Publié le 23 Jun 2017 - 23:26
BUSINESSMEN, CONSEILLERS, INGÉNIEURS EN BTP…

La reconversion des anciens combattants 

 

Ils gardent le cap. Après les services rendus à la nation sénégalaise, d’anciens combattants se sont reconvertis dans différents métiers : business, ingénierie, etc. Une manière pour ces agents à la retraite d’entretenir leur progéniture. Ils continuent leur combat sous une autre forme.

GAUSTIN DIATTA (THIÈS)

‘’Un soldat ne va jamais à la retraite.’’ Cette assertion  est bien comprise par certains anciens combattants sénégalais. Après avoir combattu pour que triomphent la démocratie et la liberté, commence le combat pour soi-même. En effet, certains d’entre eux ne vivent pas que de leurs pensions de retraite. Dès lors, ils ont décidé de mener leurs propres activités pour pouvoir continuer de subvenir à leurs besoins. Bref, la vie continue pour les anciens combattants, après les fronts.

Selon Djadji Niang, président de l’Union régionale des anciens combattants et victimes de guerre de Thiès (Urac), tout militaire à la retraite ‘’peut librement’’ vaquer à ses occupations. ‘’Le militaire est comme un fonctionnaire. Il est en activité, avec une limite d’âge (58 ou 60 ans pour les Généraux). Après la retraite, il est  libre de vaquer à d’autres occupations. Par exemple, nous avons Tandakha Ndiaye (Ndlr : journaliste à la RTS) qui était un adjudant-chef. Chacun a ses préférences. Après ma retraite, j’ai été copté au ministère des Finances où j’ai travaillé comme contractuel pendant quatre ans’’, confie Djadji Niang.

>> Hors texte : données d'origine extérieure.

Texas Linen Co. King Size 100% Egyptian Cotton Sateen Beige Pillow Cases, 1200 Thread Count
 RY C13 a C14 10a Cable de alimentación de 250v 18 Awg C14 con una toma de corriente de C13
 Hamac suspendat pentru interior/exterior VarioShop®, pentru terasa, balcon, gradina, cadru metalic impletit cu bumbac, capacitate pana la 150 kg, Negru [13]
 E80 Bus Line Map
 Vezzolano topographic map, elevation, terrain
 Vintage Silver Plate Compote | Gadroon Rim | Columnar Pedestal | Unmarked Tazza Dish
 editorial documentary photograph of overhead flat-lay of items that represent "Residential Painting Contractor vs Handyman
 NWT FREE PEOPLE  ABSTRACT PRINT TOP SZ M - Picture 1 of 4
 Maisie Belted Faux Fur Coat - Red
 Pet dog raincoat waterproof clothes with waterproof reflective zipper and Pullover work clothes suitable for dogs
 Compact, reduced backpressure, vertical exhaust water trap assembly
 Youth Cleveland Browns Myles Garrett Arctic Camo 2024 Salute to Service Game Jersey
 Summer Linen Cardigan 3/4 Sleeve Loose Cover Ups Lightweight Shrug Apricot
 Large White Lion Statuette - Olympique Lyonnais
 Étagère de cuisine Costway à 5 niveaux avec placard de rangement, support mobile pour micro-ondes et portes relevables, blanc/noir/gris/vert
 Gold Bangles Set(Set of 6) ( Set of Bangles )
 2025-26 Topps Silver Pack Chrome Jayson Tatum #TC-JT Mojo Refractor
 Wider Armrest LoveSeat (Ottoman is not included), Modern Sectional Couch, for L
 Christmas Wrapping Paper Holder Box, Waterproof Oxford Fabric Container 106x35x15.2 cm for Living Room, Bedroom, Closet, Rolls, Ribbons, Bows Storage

Pour capitaliser ses expériences après avoir été sous les drapeaux pendant plus de 30 ans, l’ancien militaire a atterri à la mairie de Thiès. Il a travaillé à l’hôtel de ville comme conseiller sportif du maire Pape Alioune Ndao. Le compagnonnage n’a été que de courte durée puisque Djadji Niang a très vite claqué la porte. La raison de son départ : ‘’J’ai quitté parce que je ne suis pas politicien. La manière dont les réunions étaient organisées ne me plaisait pas’’, martèle-t-il. Après cette courte expérience à l’hôtel de ville de Thiès, avec l’aide d’un de ses amis,  il a mis en place une entreprise spécialisée dans le bâtiment. ‘’Nous gagnions des marchés à Thiès. Entre autres édifices, nous avons construit la maternité de Diamaguène (Thiès-Est). Malheureusement, quand mon ami et associé est décédé, je ne pouvais pas continuer. C’était lui le technicien en bâtiment et moi, je gérais tout ce qui est finances. En France, les militaires qui vont à la retraite ont toujours un couloir où ils peuvent aller. Au Sénégal malheureusement, les médecins, les ingénieurs… sont libérés’’, regrette Djadji Niang.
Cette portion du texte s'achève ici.